ASSIGNMENT |
Without including pictures, set down every record exactly as it stands.

BEGIN GIVEN DATA

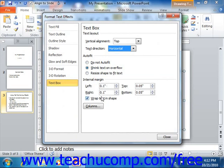You can check the Wrap Text in Shape checkbox to ensure that the text will wrap within the selected shape.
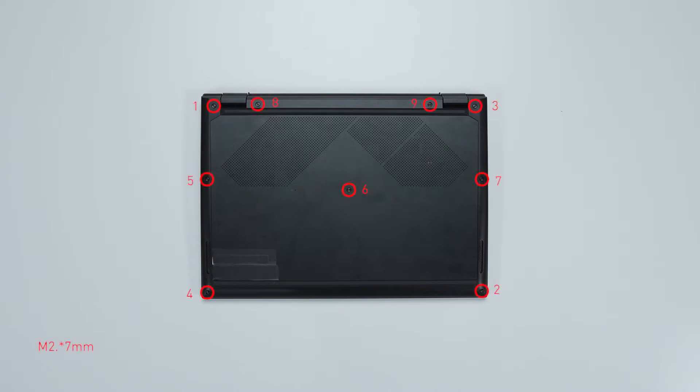Remember to take note of all of the screws and which hole it is removed from, as they are slightly different. We suggest you grab a piece of paper and put it next to the laptop. When you remove each screw, just place it on the corresponding spot where you remove it on the paper. That way, you can keep track of where it goes.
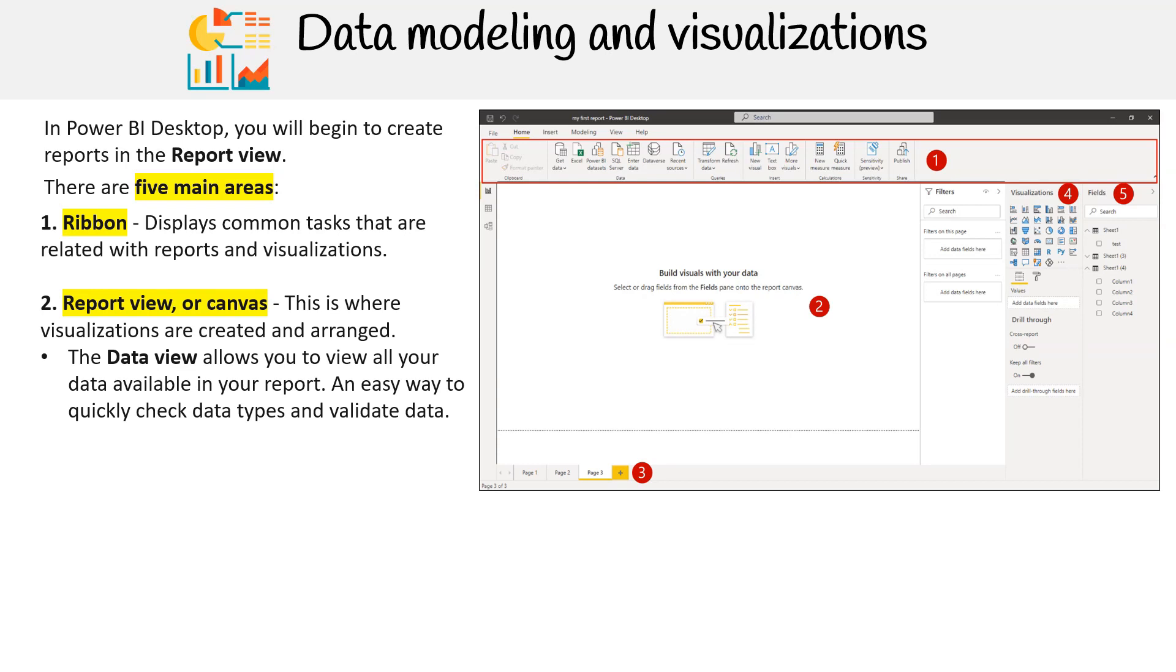The data view allows you to view all your data available in your report. It is an easy way to quickly check data types and validate data.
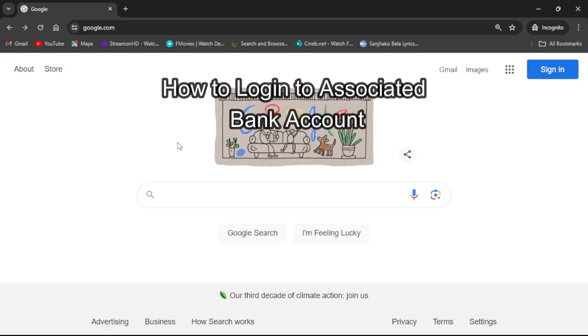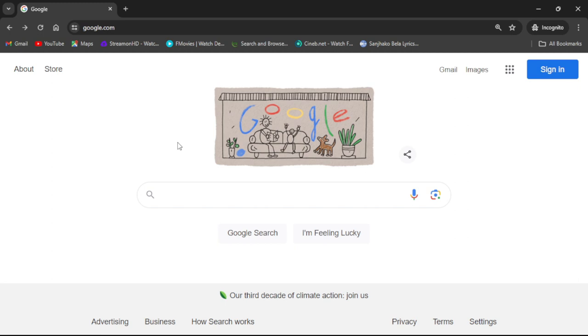Hey guys, welcome back to our channel Finance for Beginners. Today in this video I'm going to show you how to log into your Associated Bank account. To do so, follow some simple steps with me.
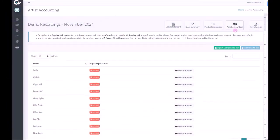A warm welcome to our new Artist Accounting page. Here you can easily view and export your artist statements.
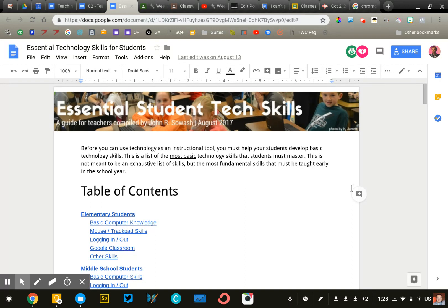This isn't an exhaustive list, but it's a place to get started. What I would encourage you to do is access this list. The link to the list is in the comments for this video.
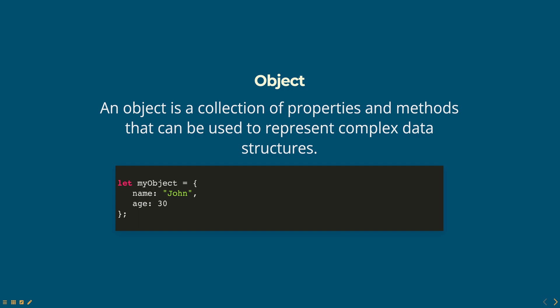JavaScript uses a garbage collector to automatically manage the memory in the heap. The garbage collector periodically checks for variables and objects that are no longer being used and frees up the memory they are using. This process is called garbage collection.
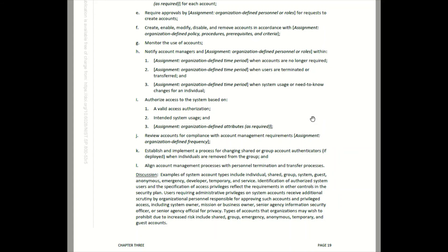Those are the two tools every security control assessor must have — you're going to go to these documents to get clarity on how you assess the controls and how you understand them.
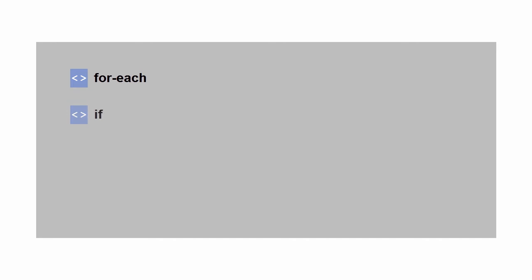For example, you can loop through repeating elements using the FOREACH statement. You can create conditional statements using the IF and CHOOSE statements.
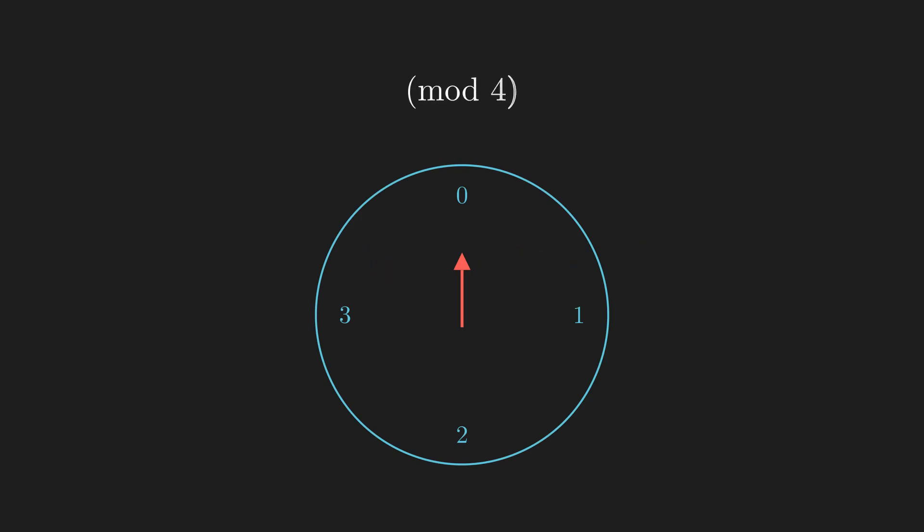We can think of addition as chaining together rotation. 3 plus 5 mod 4 would be moving 3 steps clockwise, followed by 5 more steps clockwise on a 4-hour clock.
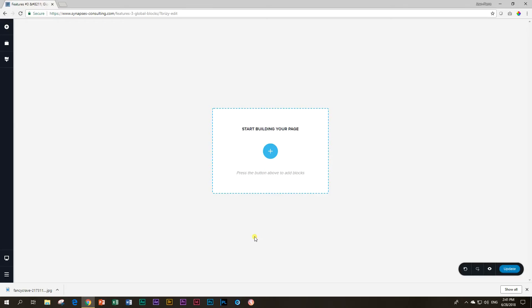Welcome to another tutorial of Learn Brizzy Page Builder with JP. In this feature session, we're going to look at what we call saved blocks.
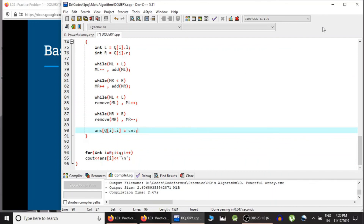So this is how you solve the D-Query problem using Mo's algorithm. If you have any questions, you can ask in the comment section, and if you found this lecture helpful please leave a comment as well. Thank you guys for watching and keep learning!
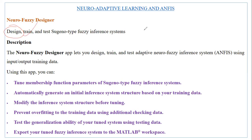We can train the neurophase system and also test the neurophase system. We usually have two main types of fuzzy inference systems: the Mamdani fuzzy inference system and the Sugeno type. But within the context of adaptive neurophase inference systems, only the Sugeno type is supported. So the NeuroPhase Designer app allows us to perform design, training, and testing of Sugeno type fuzzy inference systems.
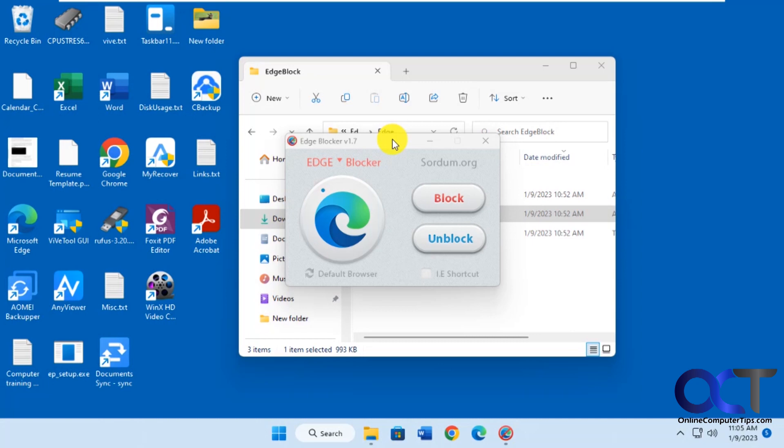I just recommend keeping a copy of this handy, because if you block Edge and then delete this program, then it's going to be blocked. And I'm not sure what it does to block Edge, so you might have an issue getting it to work again if that's the case.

END GIVEN DATA

PROBLEM SOLUTION |
You can check the Wrap Text in Shape checkbox to ensure that the text will wrap within the selected shape.
Remember to take note of all of the screws and which hole it is removed from, as they are slightly different. We suggest you grab a piece of paper and put it next to the laptop. When you remove each screw, just place it on the corresponding spot where you remove it on the paper. That way, you can keep track of where it goes.
The data view allows you to view all your data available in your report. It is an easy way to quickly check data types and validate data.
Hey guys, welcome back to our channel Finance for Beginners. Today in this video I'm going to show you how to log into your Associated Bank account. To do so, follow some simple steps with me.
A warm welcome to our new Artist Accounting page. Here you can easily view and export your artist statements.
This isn't an exhaustive list, but it's a place to get started. What I would encourage you to do is access this list. The link to the list is in the comments for this video.
JavaScript uses a garbage collector to automatically manage the memory in the heap. The garbage collector periodically checks for variables and objects that are no longer being used and frees up the memory they are using. This process is called garbage collection.
Those are the two tools every security control assessor must have — you're going to go to these documents to get clarity on how you assess the controls and how you understand them.
For example, you can loop through repeating elements using the FOREACH statement. You can create conditional statements using the IF and CHOOSE statements.
We can think of addition as chaining together rotation. 3 plus 5 mod 4 would be moving 3 steps clockwise, followed by 5 more steps clockwise on a 4-hour clock.
Welcome to another tutorial of Learn Brizzy Page Builder with JP. In this feature session, we're going to look at what we call saved blocks.
So this is how you solve the D-Query problem using Mo's algorithm. If you have any questions, you can ask in the comment section, and if you found this lecture helpful please leave a comment as well. Thank you guys for watching and keep learning!
We can train the neurophase system and also test the neurophase system. We usually have two main types of fuzzy inference systems: the Mamdani fuzzy inference system and the Sugeno type. But within the context of adaptive neurophase inference systems, only the Sugeno type is supported. So the NeuroPhase Designer app allows us to perform design, training, and testing of Sugeno type fuzzy inference systems.
I just recommend keeping a copy of this handy, because if you block Edge and then delete this program, then it's going to be blocked. And I'm not sure what it does to block Edge, so you might have an issue getting it to work again if that's the case.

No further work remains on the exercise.